ABOUT THIS EXERCISE: Your answer must be the exact lines from the one with "Young businessman at" to the end of the data, both included, with no pictures.

INFORMATION SUPPLIED:
-- Opening Marker --

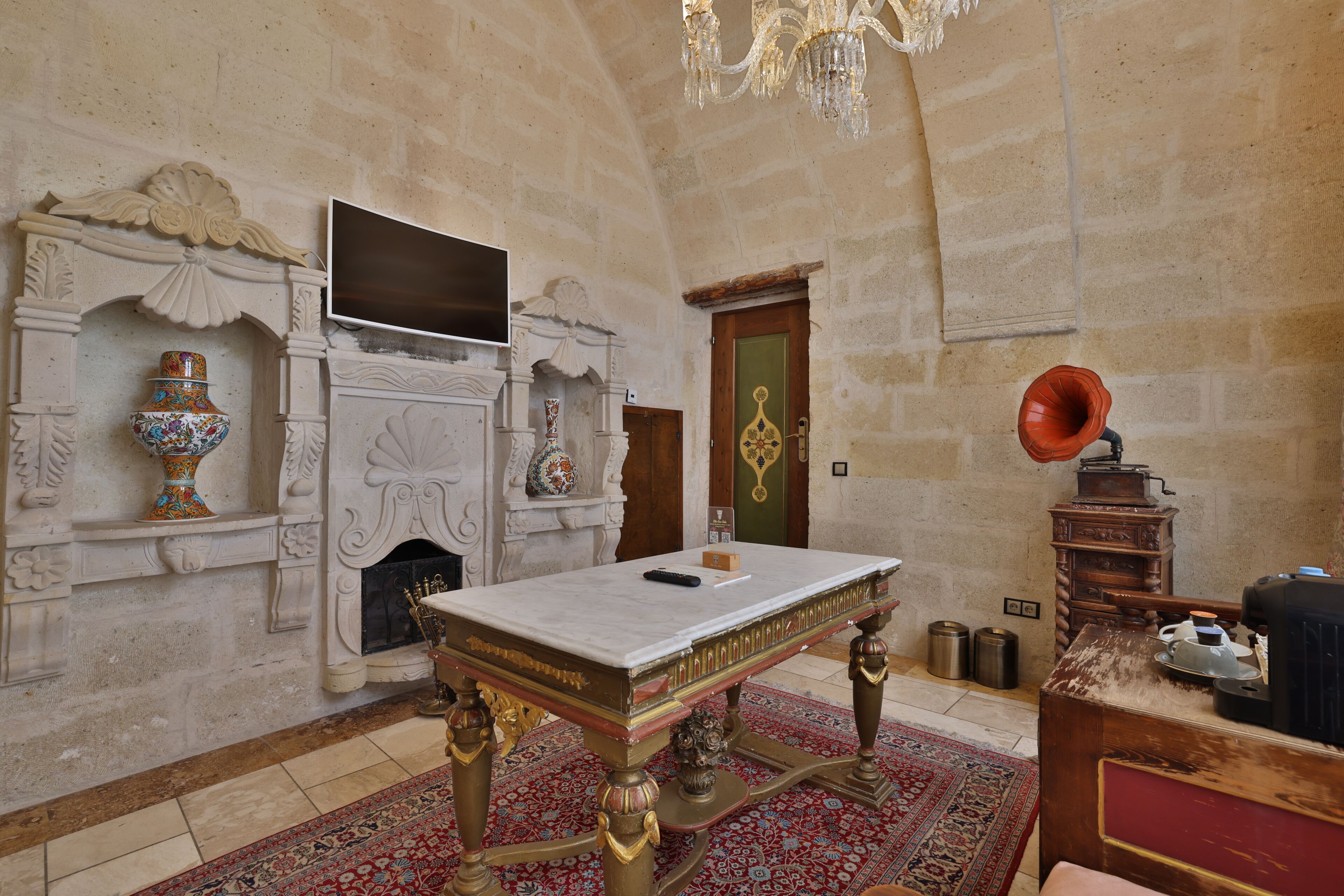 Una habitación con una mesa de mármol, chimenea, candelabro y un tocadiscos antiguo.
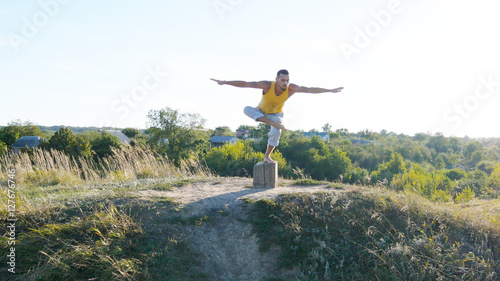 Young sporty man standing at yoga pose outdoor. Caucasian guy pr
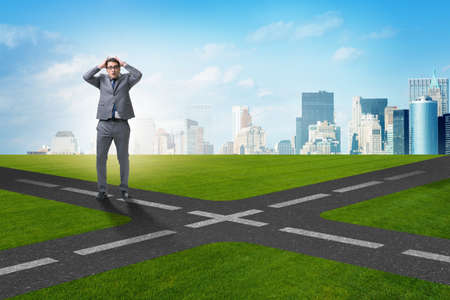 Young businessman at crossroads in uncertainty conceptの写真素材
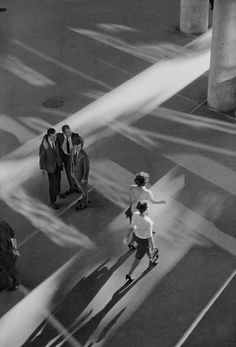 black and white photograph of people walking down the street in front of columns with shadows on them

-- Closing Marker --

ANSWER TO THE PROBLEM:
 Young businessman at crossroads in uncertainty conceptの写真素材
 black and white photograph of people walking down the street in front of columns with shadows on them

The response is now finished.